Some theorists applied explicit graph theory to the problem, treating spans of pixels, or aggregates of such, as nodes and studying their connectivity. The first published graph theory algorithm worked similarly to the span filling, above, but had a way to detect when it would duplicate filling of spans. Unfortunately, it had bugs that made it not complete some fills. A corrected algorithm was later published with a similar basis in graph theory; however, it alters the image as it goes along, to temporarily block off potential loops, complicating the programmatic interface. A later published algorithm depended on the boundary being distinct from everything else in the image and so isn't suitable for most uses; it also requires an extra bit per pixel for bookkeeping.

===Advantages===
- Suitable for pattern filling, directly, as it never retests filled pixels.
- Double the speed of the original span algorithm, for uncomplicated fills.
- Access pattern is cache and bitplane-friendly.

===Disadvantages===
- Regularly, a span has to be compared to every other 'front' in the queue, which significantly slows down complicated fills.
- Switching back and forth between graph theoretic and pixel domains complicates understanding.
- The code is fairly complicated, increasing the chances of bugs.

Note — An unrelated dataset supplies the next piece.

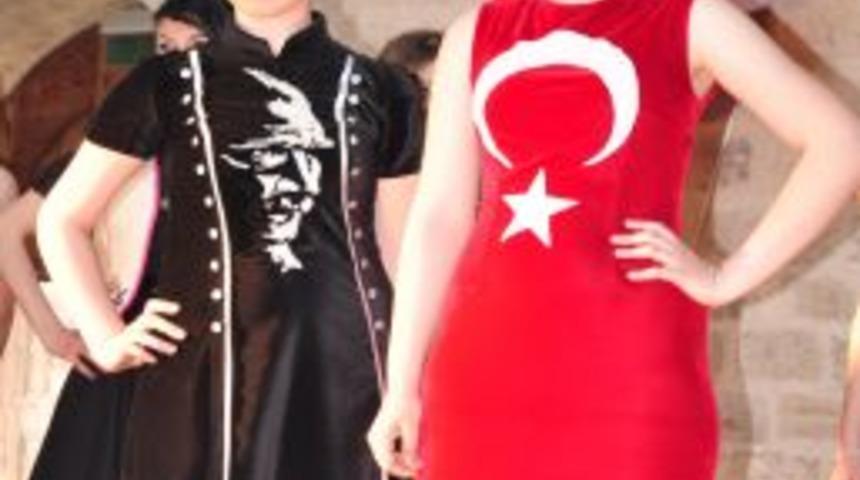 Mesleki ve Teknik Eğitim Fuarı kapılarını ikinci kez a&ccedil;tı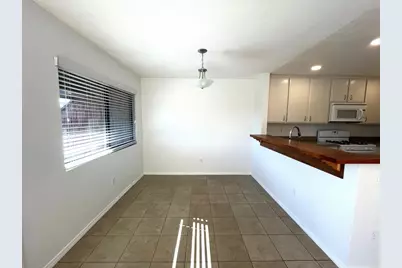 2556 Ocean Cove Dr., Cardiff by the Sea, CA 92007 - Photo 7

==Vector implementations==
Version 0.46 of Inkscape includes a bucket fill tool, giving output similar to ordinary bitmap operations and indeed using one: the canvas is rendered, a flood fill operation is performed on the selected area and the result is then traced back to a path. The tool utilizes the boundary value problem.

==See also==
- Breadth-first search
- Depth-first search
- Graph traversal
- Connected-component labeling
- Dijkstra's algorithm
- Watershed (image processing)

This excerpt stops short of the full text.